___ Source data
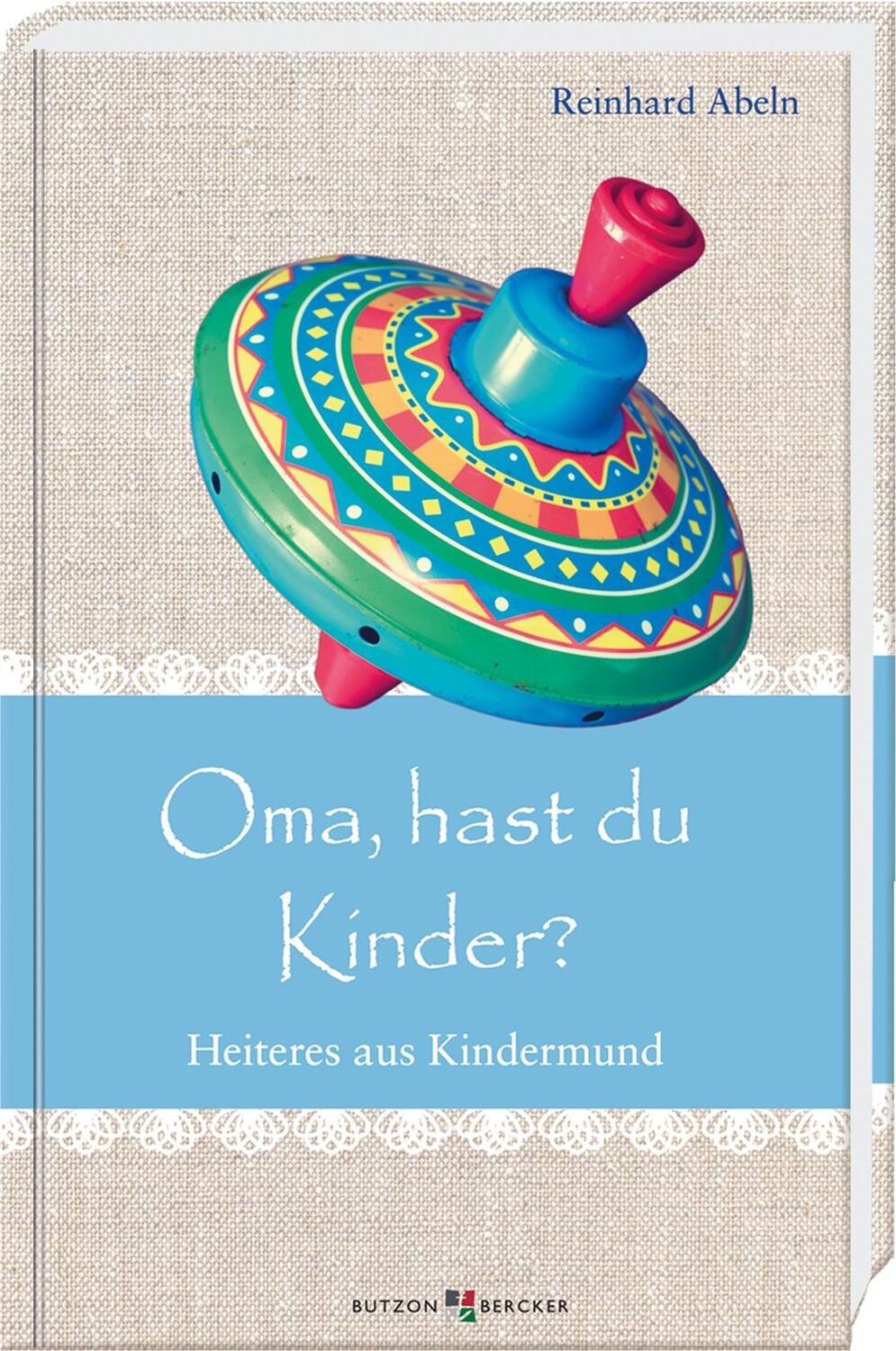 Cover: 9783766629807 | Oma, hast du Kinder? | Heiteres aus Kindermund | Reinhard Abeln | Buch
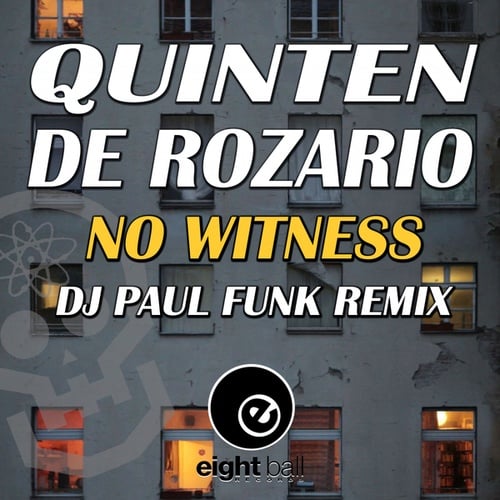 Quinten De Rozario, DJ PAUL FUNK-No Witness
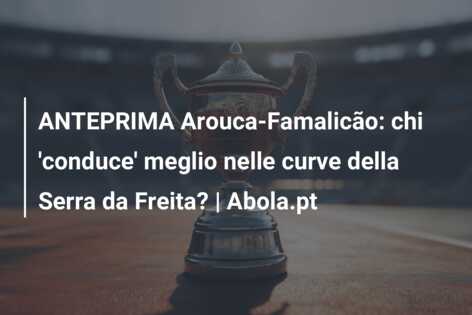 ANTEPRIMA Arouca-Famalicão: chi ‘conduce’ meglio nelle curve della Serra da Freita? | Abola.pt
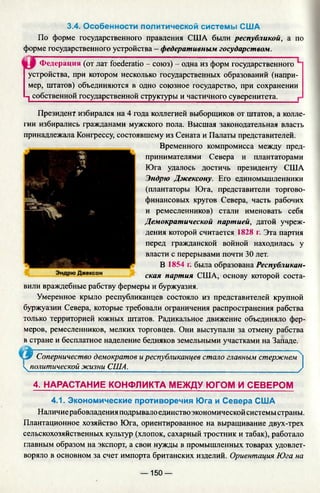 3.4. Особенности политической системы США
По форме государственного правления США были республикой, а по
форме государственного устройства - федеративным государством.
Федерация (от лат foederatio - союз) - одна из форм государственного
устройства, при котором несколько государственных образований (напри­
мер, штатов) объединяются в одно союзное государство, при сохранении
ч собственной государственной структуры и частичного суверенитета. г
Президент избирался на 4 года коллегией выборщиков от штатов, а колле­
гии избирались гражданами мужского пола. Высшая законодательная власть
принадлежала Конгрессу, состоявшему из Сената и Палаты представителей.
Временного компромисса между пред­
принимателями Севера и плантаторами
Юга удалось достичь президенту США
Эндрю Джексону. Его единомышленники
(плантаторы Юга, представители торгово­
финансовых кругов Севера, часть рабочих
и ремесленников) стали именовать себя
Демократической партией, датой учреж­
дения которой считается 1828 г. Эта партия
перед гражданской войной находилась у
власти с перерывами почти 30 лет.
В 1854 г. была образована Республикан­
ская партия США, основу которой соста­
вили враждебные рабству фермеры и буржуазия.
Умеренное крыло республиканцев состояло из представителей крупной
буржуазии Севера, которые требовали ограничения распространения рабства
только территорией южных штатов. Радикальное движение объединяло фер­
меров, ремесленников, мелких торговцев. Они выступали за отмену рабства
в стране и бесплатное наделение бедняков земельными участками на Западе.
L9 Соперничество демократов иреспубликанцев стало главным стержнем 4
 политической жизни США.___________________________________________/
4. НАРАСТАНИЕ КОНФЛИКТА МЕЖДУ ЮГОМ И СЕВЕРОМ
4.1. Экономические противоречия Юга и Севера США
Наличие рабовладения подрывалоединство экономической системы страны.
Плантационное хозяйство Юга, ориентированное на выращивание двух-трех
сельскохозяйственных культур (хлопок, сахарный тростник и табак), работало
главным образом на экспорт, а свои нужды в промышленных товарах удовлет­
воряло в основном за счет импорта британских изделий. Ориентация Юга на
— 150 —
 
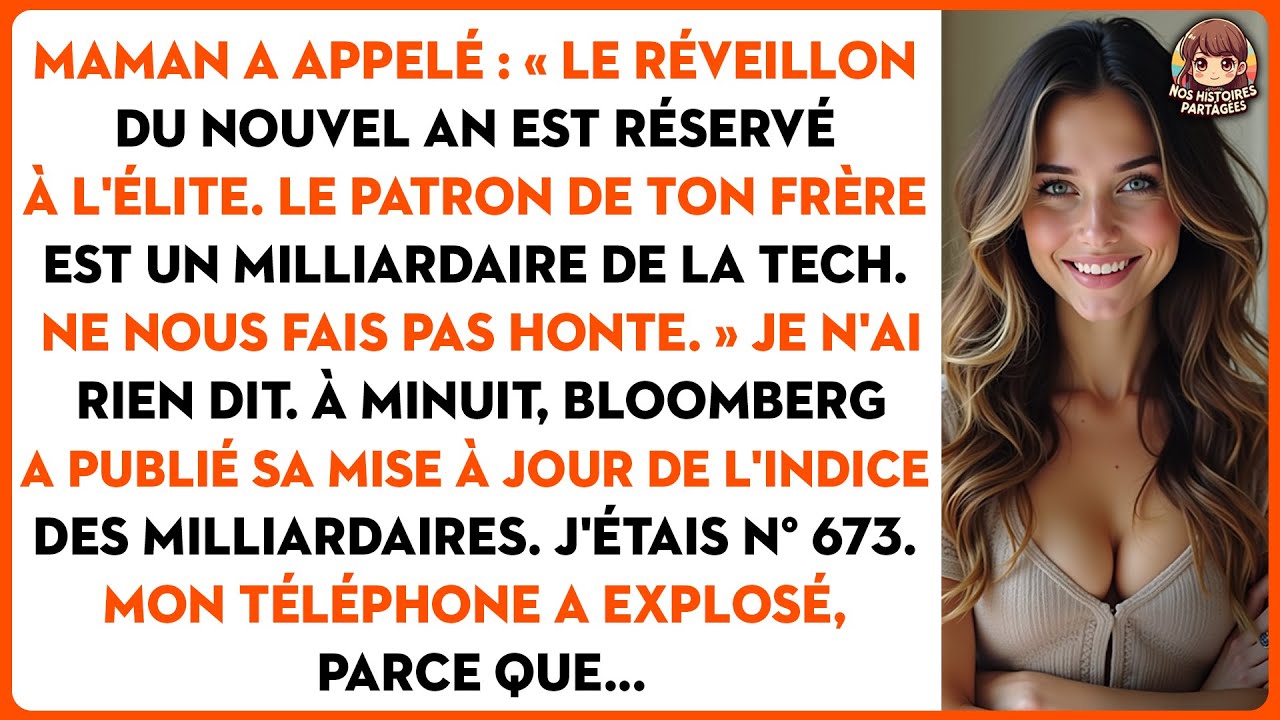 Maman a appelé : « le réveillon du nouvel an est réservé à l'élite. Le patron de ton frère est...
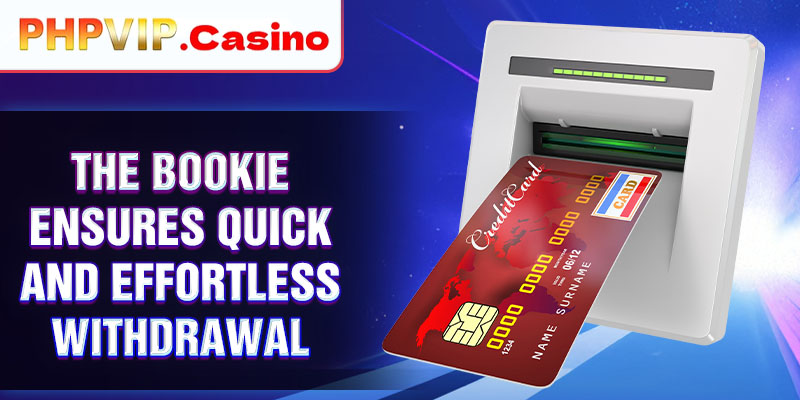 The bookie ensures quick and effortless withdrawal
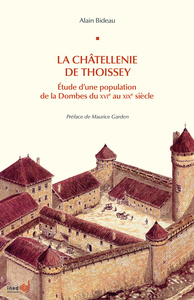 La châtellenie de Thoissey - étude d'une population de la Dombes du XVIe au XIXe siècle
______
Aim of the task.
Copy out precisely the lines from the line with "гии избирались гражданами" to the line with "дения которой считается 1828 г. Эта партия" in the material above, including those two lines and omitting all the rest.

Answer box.
гии избирались гражданами мужского пола. Высшая законодательная власть
принадлежала Конгрессу, состоявшему из Сената и Палаты представителей.
Временного компромисса между пред­
принимателями Севера и плантаторами
Юга удалось достичь президенту США
Эндрю Джексону. Его единомышленники
(плантаторы Юга, представители торгово­
финансовых кругов Севера, часть рабочих
и ремесленников) стали именовать себя
Демократической партией, датой учреж­
дения которой считается 1828 г. Эта партия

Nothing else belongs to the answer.